Auf dieser Seite kann die Geschichte der Deutschen in Böhmen, Mähren und Schlesien auch aus Platzgründen nicht wiedergegeben werden. Informativ ist beispielsweise eine Seite der Österreichischen Landsmannschaft

Die Sudetendeutsche Landsmannschaft bietet folgende Seite zur Geschichte an: Historie

Weitere Beispiele könnte ich aus meinem Erfahrungshorizont nennen. In der österreichischen Literatur und in tschechischen Quellen findet sich deutlich mehr Material als in der „reichsdeutschen“ Historiographie, die von „Preußens Gloria“ nach 1866 in eine preußisch-nationale Geschichtsschreibung abglitt und die Welt des Habsburgerreiches und seiner Verbündeten im Krieg Preußens gegen das Deutsche Kaiserreich (den Deutschen Bund) in den Schatten stellte. Von erheblicher Bedeutung ist in diesem Zusammenhang seit der Romantik auch die Entwicklung des Tschechischen nationalen Mythos und die Intention der Schaffung eines weitgehend ethnisch reinen Staates.

Der Streit von Historikern ist als Machtkampf um die gestaltende Vorherrschaft im öffentlichen Raum zu begreifen und dabei vielfach abhängig von den politischen Rahmenbedingungen.
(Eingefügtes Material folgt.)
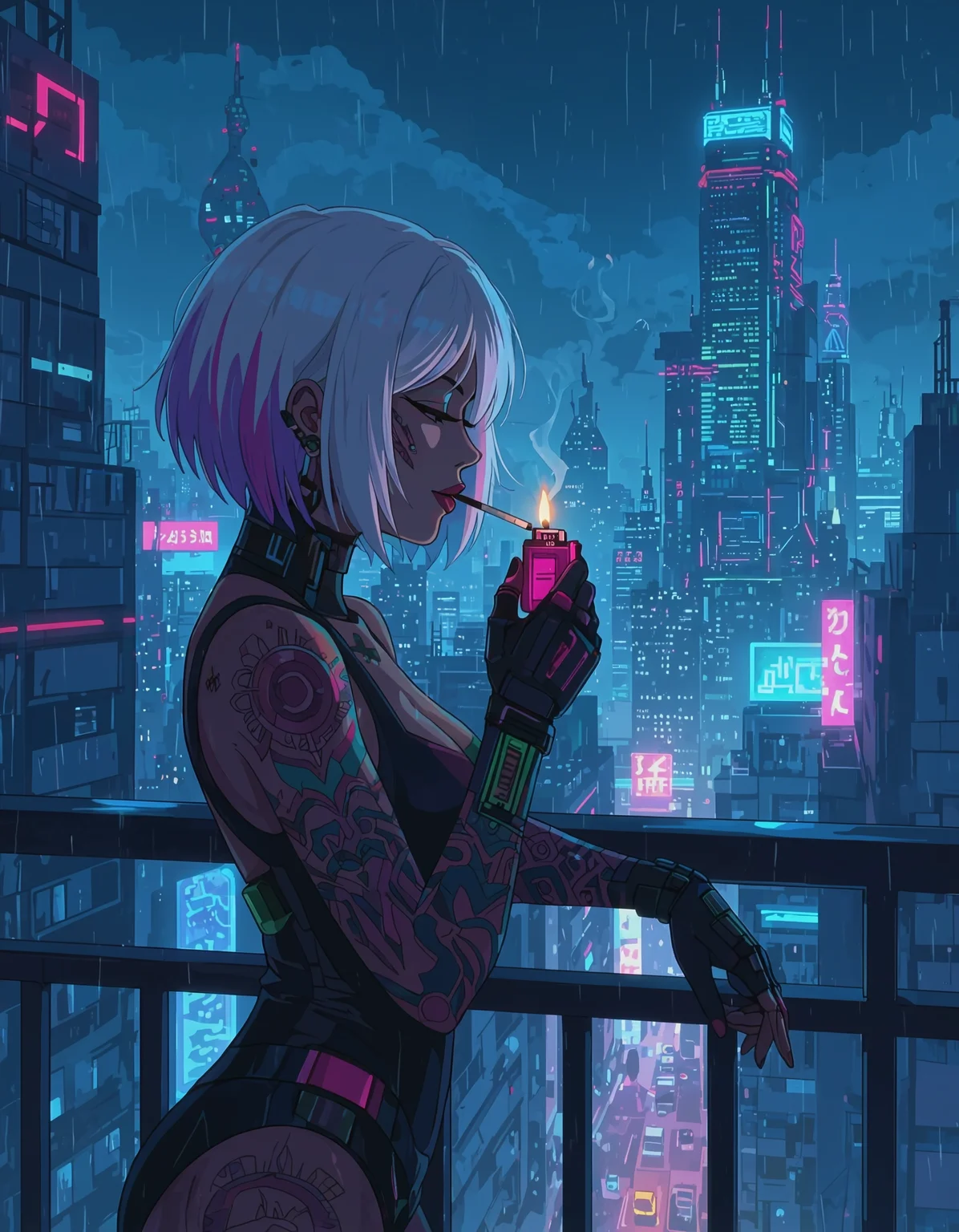 This anime scene with flat colors and vibrant visuals showcases the side silhouette of a cyberpunk woman lighting a cigarette. She uses a pink lighter. She has shorter white hair with a colorful ombré. Her pale white skin is covered in tattoos and cyber implants. Her outfit is tight and also colorful. She is leaning against the railing of a balcony, overlooking a futuristic neon city with gigantic buildings and structures. It is night time with light rain and fog. The sky is black with hints blue and green.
Immer wieder musste ich feststellen, dass bei der Diskussion um die Geschichte Böhmens, Mährens und Schlesiens sowie die Tschechoslowakei („Erste Republik“) ein Hang zu Gereiztheit und Rücksichtslosigkeit und der damit verbundenen Unlust, sich überhaupt auf die Argumente des Gegners, ja des Feindes genau und gründlich einzulassen, bestand.
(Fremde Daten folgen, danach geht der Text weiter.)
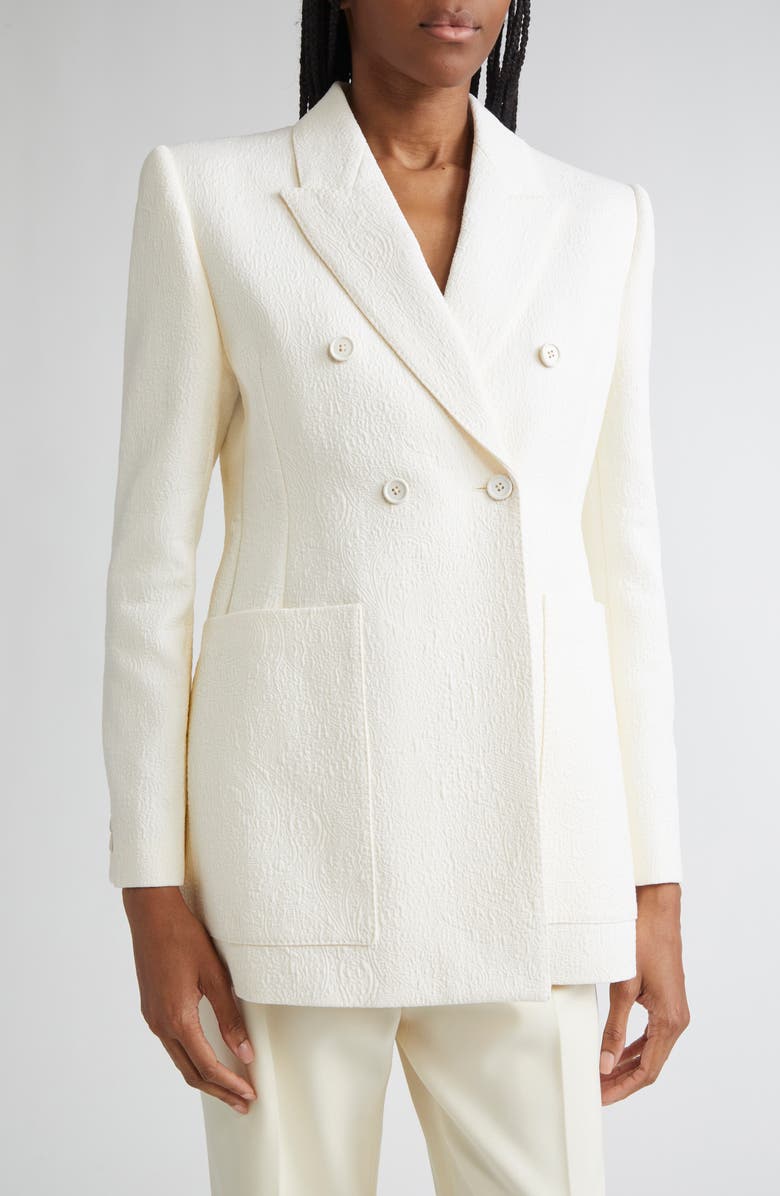 Chloé Boxy Jacquard Double Breasted Cotton Blend Jacket, Alternate, color, Coconut Milk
Es liegt mir fern einem Geschichtsrevisionismus das Wort zu reden. Allerdings muss die Frage erlaubt sein: Ist „deutsche Geschichte“ eine begrenzt nationale, preußische, oder hat sie den deutschen Sprachraum südlich der Grenze des Deutschen Kaiserreiches nach 1871 gleichwertig zu berücksichtigen?

Meine These ist: Nur die Gesamtschau des deutschen Sprachraums, der Länder des ehemaligen Heiligen Römischen Reiches Deutscher Nationen oder des Deutschen Bundes eröffnet den Blick auf diesen Teil der europäischen Geschichte.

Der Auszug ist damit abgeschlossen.